Australian Lawyers for Human Rights (ALHR) supports those submissions to the NSW Parliamentary Committee on Children and Young People’s current Inquiry into the prevention of youth suicide which call for improvements to the care of LGBTI students and for improvements to school anti-bullying and teaching programmes.

“It is extremely disturbing,” say LGBTI Committee Co-Chairs Nicholas Stewart and Kathryn Cramp, “that LGBTI students are increasingly finding school to be a harmful and hurtful space where they have an 80% chance of being subjected to bullying (according to La Trobe University, Writing Themselves In 3 Report, 2010 p 39).  This is not only harmful to students’ mental state, but discourages them from learning, further restricting their futures.”

“Young LGBTI students are disproportionately affected by mental health issues and at a much higher risk of youth suicide, particularly where they receive abuse and harassment, as confirmed by the National LGBTI Health Alliance” says Mr Stewart.

“What must never be forgotten is that LGBTI people are entitled to the same human rights and to be treated with the same respect as everyone else.  Their disproportionate rates of suicide are, as advocate Alastair Lawrie points out, a response to external factors including lack of acceptance.”

“This is where schools can assist both through sex education which covers LGBTI issues and through teaching that human rights are a two-way street” adds Kathryn Cramp, “in so far as we are ourselves entitled to the protection of human rights, we must also respect the human rights of others.   We are all entitled to be free from discrimination of any kind, particularly where the discrimination is a response to our inherent human characteristics.
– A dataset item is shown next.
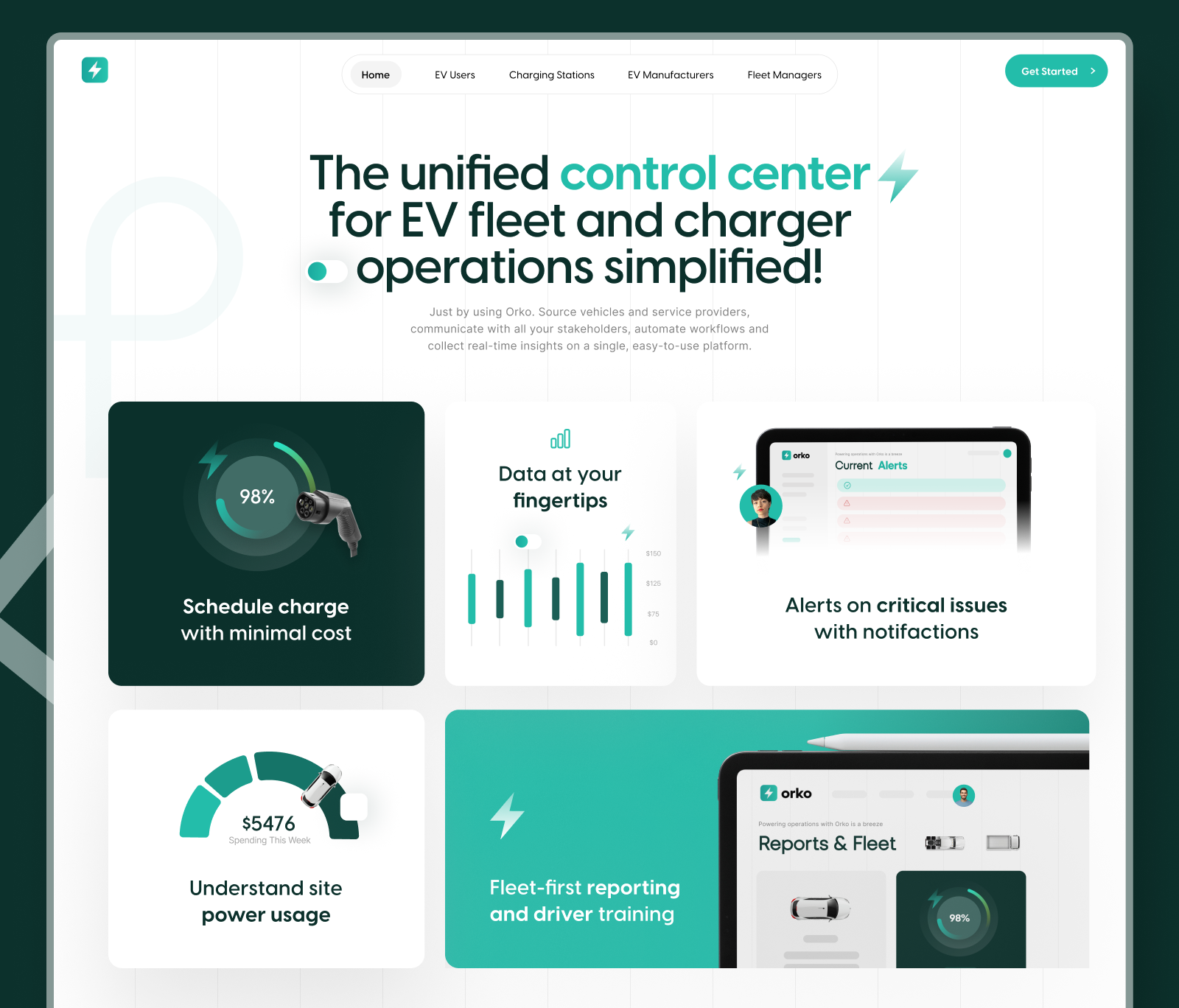 Electric Vehicle Website charging design electric vehicles ev green landing page social media tesla ui ux website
By examining our behaviours through the lens of international human rights schools can help improve and reform discriminatory practices.”

“We support” says Mr Stewart, “the calls for the NSW Government to roll-out the Safe Schools program, or a similar program that specifically and explicitly deals with anti-LGBTI bullying, in every school across the state, and to improve the primary school curriculum so that it is inclusive for LGBTI students. We look forward to the Inquiry’s findings.”